Now, onto something a little more troubling about this photo.  Where did I find it, you ask?  Well, I found it on the internet.  You know what the internet is, right?  It’s that modern marvel of science that allows us to do anything from check the weather at the bus depot or watching a movie while on an airplane, to connecting with friends in chat rooms and making our public opinions known over a worldwide audience.  That modern marvel of science seems to be something Ken Hamm doesn’t quite understand.  You are using science when you upload your photos and videos attacking science.  Try making your internet work without physics or the history of quantum mechanics that made internet usage possible, and just pray to have your message broadcast across the world.  While you’re at it, Captain Ignorance, why don’t you ignore the proper scientific procedure of turning your ignition to make your combustion engine turn over and operate, and just pray for it to happen.

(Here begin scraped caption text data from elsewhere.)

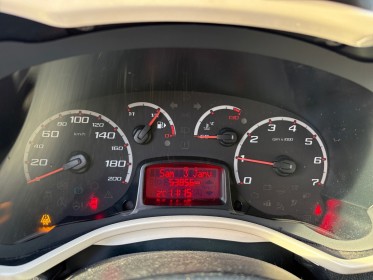 Ford ka ka 1.2 69 ss titanium garantie 12 mois occasion simplicicar caen  simplicicar simplicibike france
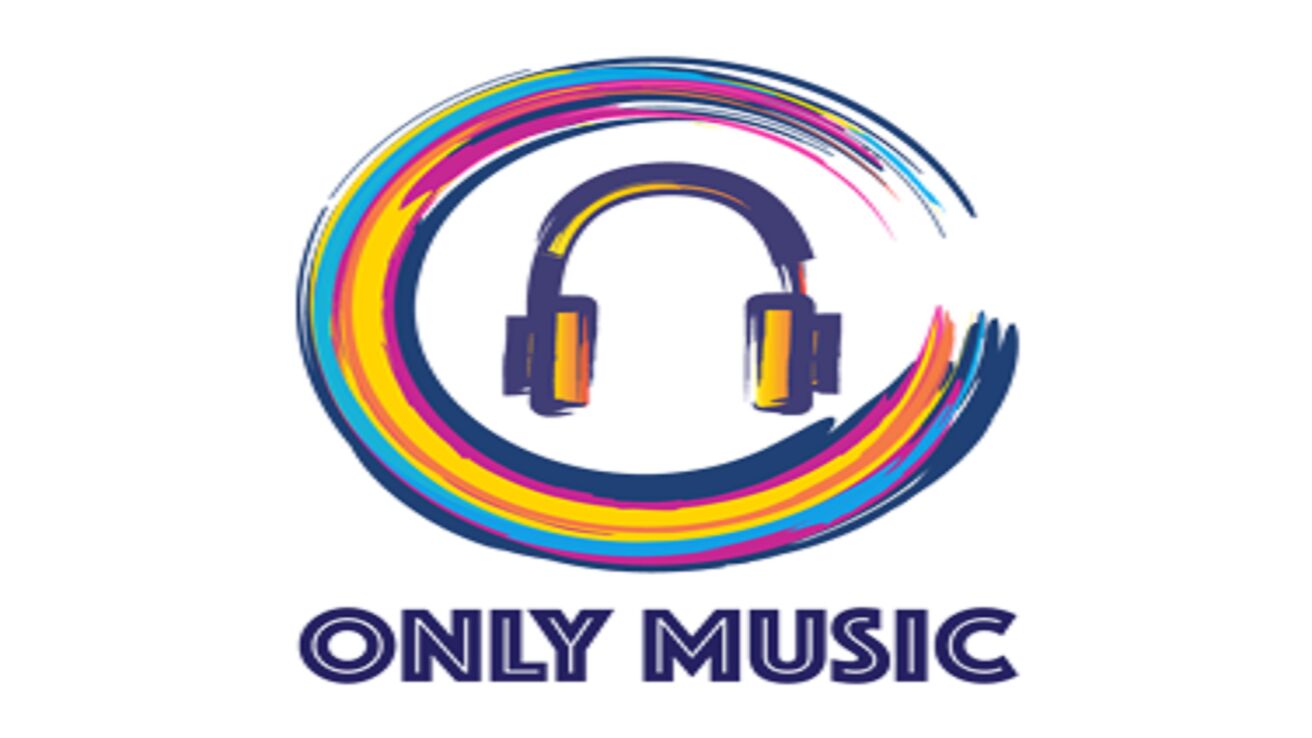 Only Music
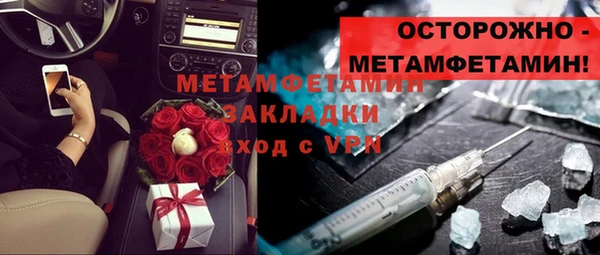 ГАЛЛЮЦИНОГЕННЫЕ ГРИБЫ Костерёво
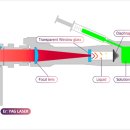 케이메디텍 이미지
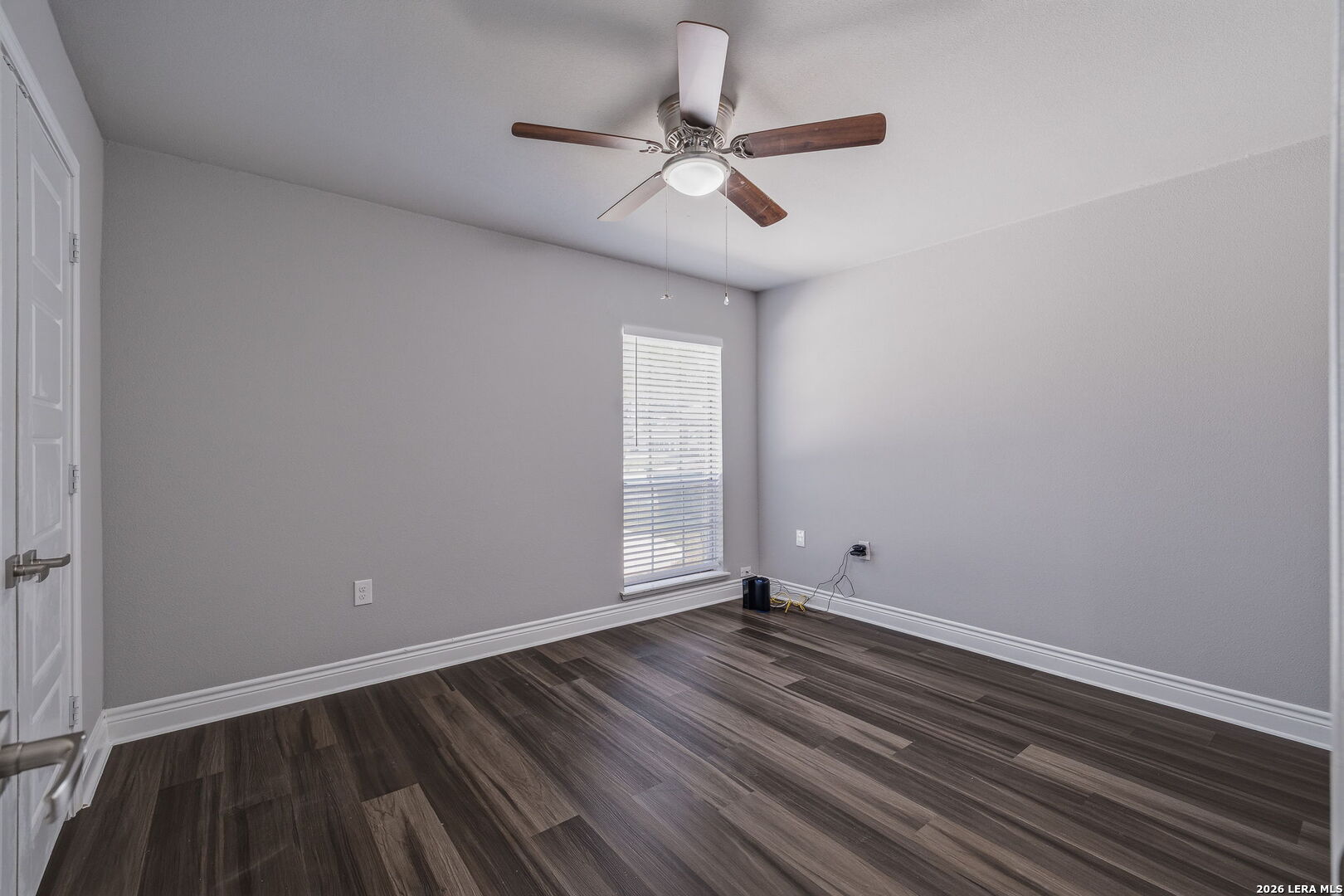 12707 La Quinta San Antonio TX 78233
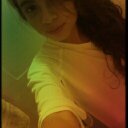 odalis lopez - @odalis_kidrauhl - Twitter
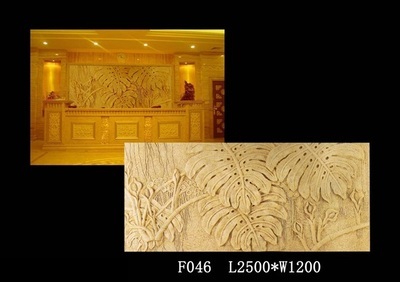 野石景觀文化藝術(shù) 室內(nèi)設(shè)計(jì)選材與建材產(chǎn)品的藝術(shù)融合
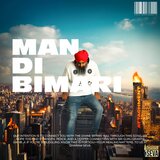 Man Di Bimari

Why don’t you just quit being a hypocrite in general, Ken?  If you hate science so much, then stop using it.  Stop using cars, airplanes, GPS systems, computers, the internet, smart phones, all phones for that matter.  Ignore the laws of chemistry when you build your stupid monuments to ignorance at the creation museum and just pray that all of the atoms come together they way they’re supposed to, in order to forms a structurally sound wall or plastic dinosaur.  Ignore physics when you’re riding on your bike and pray for the bike to stop.  Ignore the laws of thermodynamics, as you do anyway, and light yourself on fire in the hopes that the fire with just extinguish itself.  If you really want to save the world, as you claim, then the latter will do more for the American gene pool than you could ever accomplish elsewhere.

Thanks for reading, and sorry I got a little hostile there in the end.  Well, no I’m not.